There is the Jan Bouman House in Potsdam's Dutch Quarter with mostly original structure from 1735, which is open to the public as a museum. In autumn 2006 the exhibition “300 Years of Jan Bouman” was shown there.

literature

  • Uwe Kieling , Uwe Hecker: Berlin architects and master builders until 1800. Biographical lexicon (= miniatures on the history, culture and preservation of Berlin monuments, 9). Kulturbund der DDR, Berlin 1983, p. 11 f.
  • Irmgard Wirth:  Boumann, Johann. In: New German Biography (NDB). Volume 2, Duncker & Humblot, Berlin 1955, ISBN 3-428-00183-4 , p. 491 f. ( Digitized version ).
  • Ute Kamps: "... this is how we want to build mosques and churches." Friderizian church building in Potsdam.
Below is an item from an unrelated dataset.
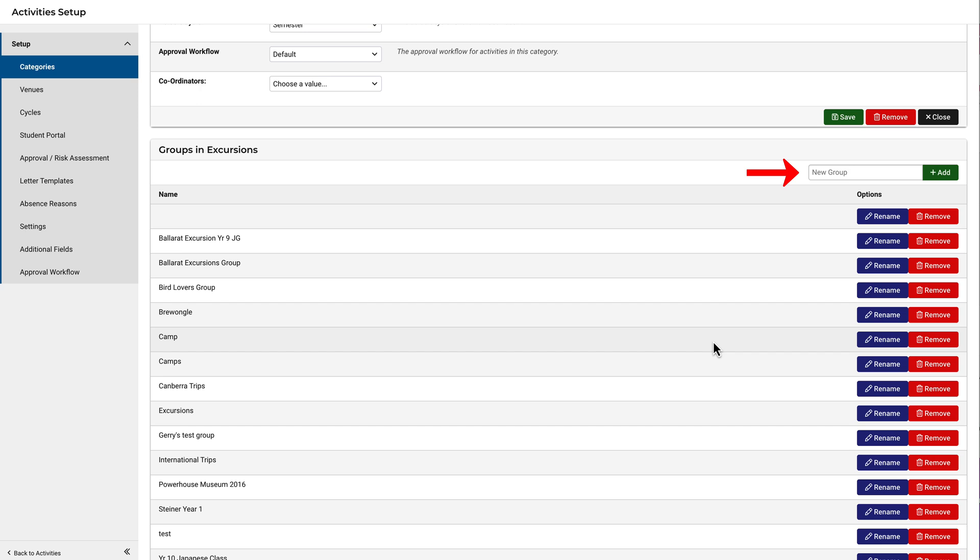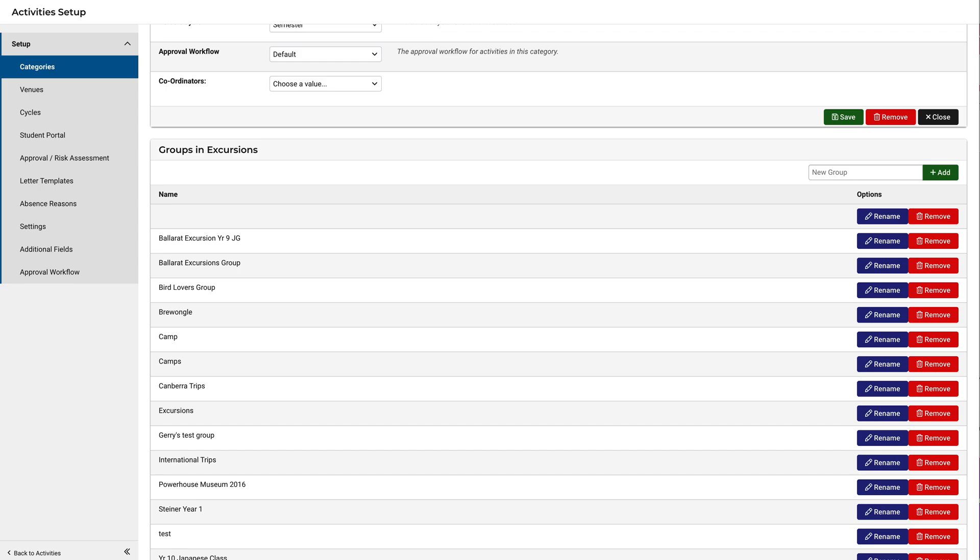Now, you can add as many categories and groups as you like, but remember you don't need to create groups within each category. Some activities may be so significant that they form a category on their own. An example might be this one here, International Trips. It's currently a group within excursions, but it could also be its own category. It just depends on how your school wants to set things up.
In: Förderkreis Alte Kirchen Berlin-Brandenburg eV: Open Churches 2012. Brandenburg churches invite you , ISBN 978-3-928918-44-2 , pp. 6–8 (online at altekirchen.de )

Web links

Individual evidence

  1. ^ Heinrich Ludwig Manger (garden inspector and chief building officer): Heinrich Ludewig Manger's building history of Potsdam, especially under the government of King Frederick the Second. 1. Volume, Nicolai, Berlin / Stettin 1789/90, pp. 34-35 and 46-50 ( online ).
  2. ^ Friedrich Nicolai , Description of the royal royal cities of Berlin and Potsdam , 1769, p. 372-7. In: Christoph Frank (2002) The Gotzkowsky, Eimbke and Stein painting collections : On the history of the Berlin collection during the Seven Years' War, p. 159. In: Michael North (ed.): Art collecting and taste in the 18th century. Berlin, p. 117-194.